Il y a moins d'un mois l’horreur a touché notre pays et nous en avons tous été profondément marqués. La cruauté de ces hommes assassinant froidement des membres de la rédaction du journal « Charlie Hebdo », des employés ou des policiers, comme celle du preneur d’otages de l’hyper cacher de la porte de Vincennes, nous sidère. Immédiatement, un cri s’est fait entendre, unanime, pour dire non à cette violence, à cette haine, à cette culture de mort.
En même temps, et comme toujours, l’horreur a côtoyé ce qui justifie de continuer à croire en l’homme : que ce soit l’abnégation du directeur et du graphiste de l’entreprise de Dammartin-en-Goële ou le courage de Lassana Bathily à Vincennes.
Rapidement aussi, le mot d’ordre de mobilisation a été « je suis Charlie ». J’avoue avoir été gêné par cette expression, qui s’est d’ailleurs vite multipliée, au fur et à mesure de ce que nous apprenions, en « je suis policier », « je suis musulman » ou « je suis juif ». Si je comprends bien la nécessité de la simplification pour la force d’un slogan, on a le droit de se reconnaître concerné par ce qui arrive aux victimes du journal Charlie Hebdo sans pour autant devoir, ou pouvoir, s’identifier à ce journal.

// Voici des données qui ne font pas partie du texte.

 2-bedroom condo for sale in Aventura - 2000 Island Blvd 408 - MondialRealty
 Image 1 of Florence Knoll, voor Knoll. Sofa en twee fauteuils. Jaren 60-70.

Plus profondément, c’est la présentation qui a été faite de cet évènement qui m’a mis mal à l’aise. Au-delà du caractère très particulier que l’on reconnaît au journal satirique, fallait-il en faire le symbole de la liberté d’expression, pour ne pas dire le cœur de notre République[1], alors qu’en 2014 il ne diffusait plus qu’à 30 000 exemplaires sur tout le territoire national[2] ? On ne peut pas dire que la majorité des français s’y reconnaissaient alors ou le considéraient comme essentiel à notre culture…
Enfin, le débat demeure autour de la question de la (oserais-je dire ?) « sacro-sainte » liberté d’expression. Au lendemain des attentats, le Cardinal Tauran (président du conseil pontifical pour le dialogue interreligieux) avec des imams de France demandaient dans un communiqué, après avoir bien entendu fermement condamné ces actes odieux : « que les responsables des moyens de communication offrent une information respectueuse des religions, de leurs adeptes et de leurs pratiques, favorisant ainsi une culture de la rencontre »[3]. Seront-ils entendus ? Les balles seules tuent, certes, mais il y a des mots et des dessins qui blessent profondément. Est-ce ainsi que nous construirons notre « unité nationale » ? Mais de quelle unité veut-on alors parler ?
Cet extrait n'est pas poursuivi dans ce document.